Crawled caption data
• • • •

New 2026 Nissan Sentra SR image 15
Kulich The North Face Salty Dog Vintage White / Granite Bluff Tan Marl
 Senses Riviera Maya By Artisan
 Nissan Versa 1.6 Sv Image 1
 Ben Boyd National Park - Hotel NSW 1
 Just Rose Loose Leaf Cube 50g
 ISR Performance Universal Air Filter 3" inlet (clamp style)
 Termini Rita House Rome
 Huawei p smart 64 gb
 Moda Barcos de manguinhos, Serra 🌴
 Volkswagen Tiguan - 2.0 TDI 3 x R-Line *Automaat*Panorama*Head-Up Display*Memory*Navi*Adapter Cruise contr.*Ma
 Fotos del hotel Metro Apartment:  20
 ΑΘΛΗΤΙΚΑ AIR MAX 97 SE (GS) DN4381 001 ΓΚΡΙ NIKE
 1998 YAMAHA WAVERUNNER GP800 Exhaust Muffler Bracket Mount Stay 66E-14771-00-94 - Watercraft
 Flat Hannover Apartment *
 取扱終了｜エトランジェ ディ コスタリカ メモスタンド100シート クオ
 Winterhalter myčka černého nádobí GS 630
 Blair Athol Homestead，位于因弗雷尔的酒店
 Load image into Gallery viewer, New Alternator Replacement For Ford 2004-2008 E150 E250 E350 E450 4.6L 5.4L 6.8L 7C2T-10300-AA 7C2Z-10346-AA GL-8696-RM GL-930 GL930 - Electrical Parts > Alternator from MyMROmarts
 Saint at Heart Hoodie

• • • •

▶ [Task item]: Return each entry without altering a single word.

▶ [Answer space]:
New 2026 Nissan Sentra SR image 15
Kulich The North Face Salty Dog Vintage White / Granite Bluff Tan Marl
 Senses Riviera Maya By Artisan
 Nissan Versa 1.6 Sv Image 1
 Ben Boyd National Park - Hotel NSW 1
 Just Rose Loose Leaf Cube 50g
 ISR Performance Universal Air Filter 3" inlet (clamp style)
 Termini Rita House Rome
 Huawei p smart 64 gb
 Moda Barcos de manguinhos, Serra 🌴
 Volkswagen Tiguan - 2.0 TDI 3 x R-Line *Automaat*Panorama*Head-Up Display*Memory*Navi*Adapter Cruise contr.*Ma
 Fotos del hotel Metro Apartment:  20
 ΑΘΛΗΤΙΚΑ AIR MAX 97 SE (GS) DN4381 001 ΓΚΡΙ NIKE
 1998 YAMAHA WAVERUNNER GP800 Exhaust Muffler Bracket Mount Stay 66E-14771-00-94 - Watercraft
 Flat Hannover Apartment *
 取扱終了｜エトランジェ ディ コスタリカ メモスタンド100シート クオ
 Winterhalter myčka černého nádobí GS 630
 Blair Athol Homestead，位于因弗雷尔的酒店
 Load image into Gallery viewer, New Alternator Replacement For Ford 2004-2008 E150 E250 E350 E450 4.6L 5.4L 6.8L 7C2T-10300-AA 7C2Z-10346-AA GL-8696-RM GL-930 GL930 - Electrical Parts > Alternator from MyMROmarts
 Saint at Heart Hoodie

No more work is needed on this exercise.